Tighter Market, But Demand Still Dormant
While the long-term picture for benzene is becoming clearer, short-term demand remains weak. Global styrenics and engineering plastics consumption has underperformed expectations for four consecutive years, and downstream buyers continue to resist spot purchases amid economic uncertainty in Europe and muted recovery in the U.S.
“Right now, everyone’s holding back, waiting for prices to drop further,” said a Singapore-based benzene trader. “But that can’t go on forever. Once inventories are low enough, they’ll have to re-enter the market and that’s when we’ll see premiums jump.”
Indeed, market participants say FOB Korea benzene prices are likely to spike when this buying pressure returns, particularly if supply from domestic crackers continues to shrink while China’s downstream consumption tightens regional availability.
One major unknown remains the role of the U.S., which has seen imports of benzene from Korea drop to zero since February. Whether the U.S. re-emerges as a consistent buyer will depend on domestic cracker economics and the health of North American styrene and caprolactam demand.

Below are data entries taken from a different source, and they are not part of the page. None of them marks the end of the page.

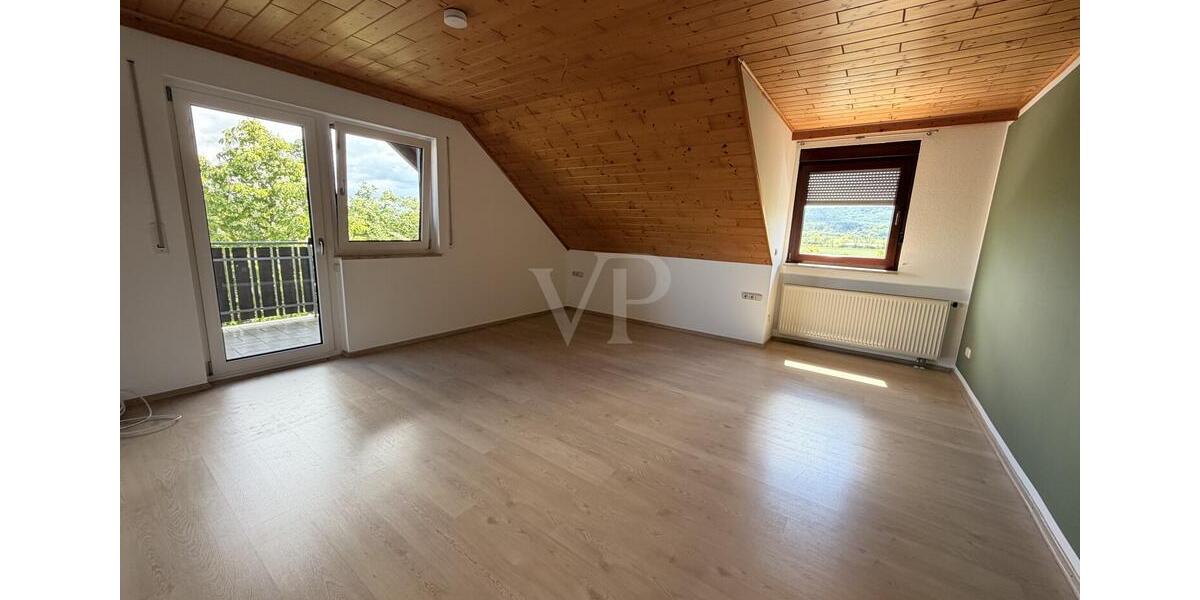 Dachgeschoßwohnung Gallmersgarten - 3 Zimmer, 112 m&sup2;, 750&euro; | Angebot:26679170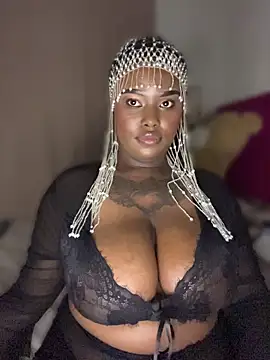 QUEEN_NOBUHLE_FEMDOM_777 webcam
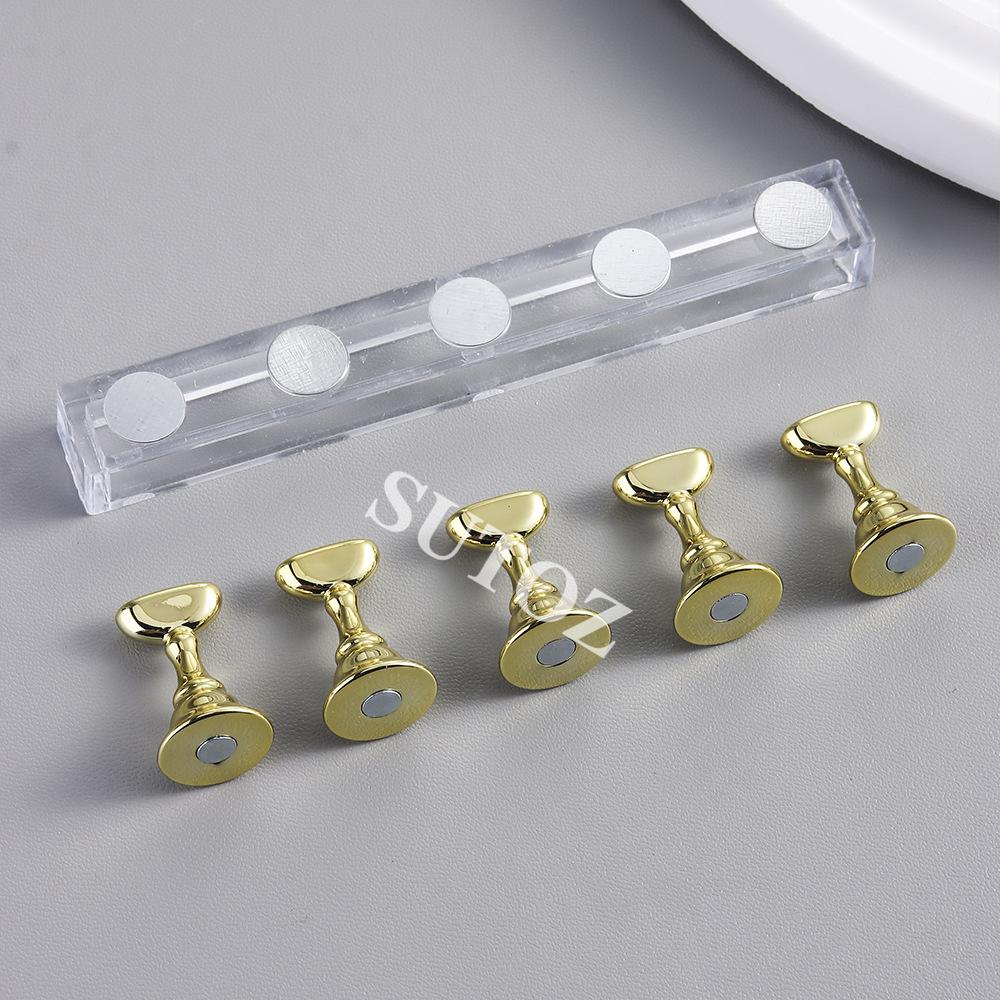 Nail Art Practice Tray with Strong Magnet and Wearable Crystal Pieces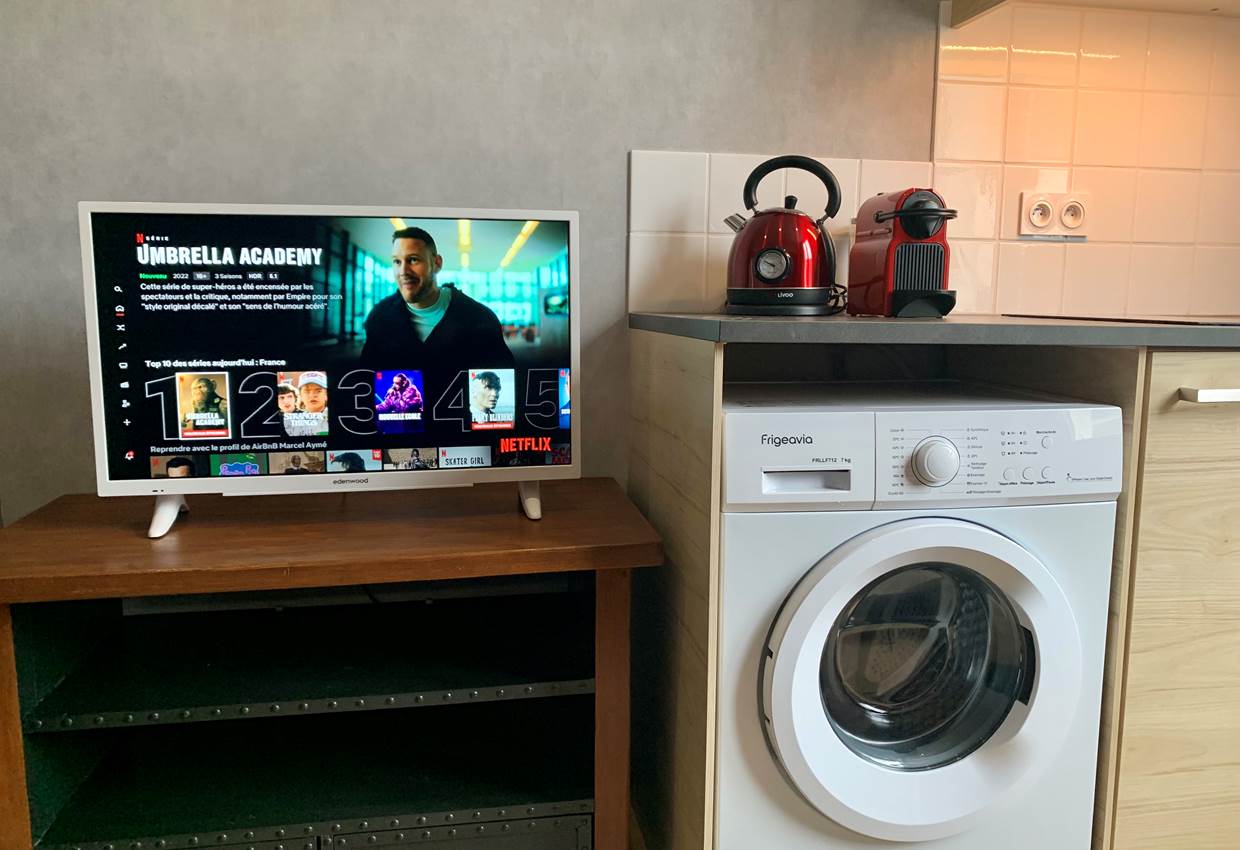 Appartement La Fabrique - La télévision Netflix et la machine à laver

Consolidation and M&A on the Horizon
Beyond capacity closures, analysts expect a wave of mergers and asset consolidations across Asia. In South Korea, potential tie-ups are already being explored. Lotte Chemical and HD Hyundai Chemical are in talks to merge their Daesan crackers, while GS Caltex, LG Chem and Lotte Chemical are discussing integration options in Yeosu.
“Shutting down a single plant won’t move the needle much in terms of supply-demand fundamentals,” said a South Korea-based trader. “But collectively, these cuts are about survival, which is a necessary reset to help producers make it through the bottom of the cycle.”
Such tie-ups could strengthen Korea’s ability to weather ongoing Chinese competition, but they will also further shrink independent supply of benzene, contributing to a more consolidated and potentially more volatile market.
Looking Ahead: 2026 and Beyond
Industry insiders say 2025 may mark the low point in global petrochemical margins. With restructuring underway, planned production cutbacks for 2026, and no significant new benzene supply projects outside China, the stage is being set for a market rebound led by tightening supply.
However, the recovery in demand will likely lag until downstream users are forced to restock — a dynamic that could result in sharp, sporadic price spikes rather than a smooth upward trend.
“Next year may look better,” said a China-based trader. “Not because demand is suddenly strong, but because supply is going to be structurally tighter. That alone could be enough to support benzene prices.”
Until then, the benzene market remains on edge — watching as Asia’s two chemical giants tear down and rebuild the foundations of a sector that, for too long, prioritized growth at any cost.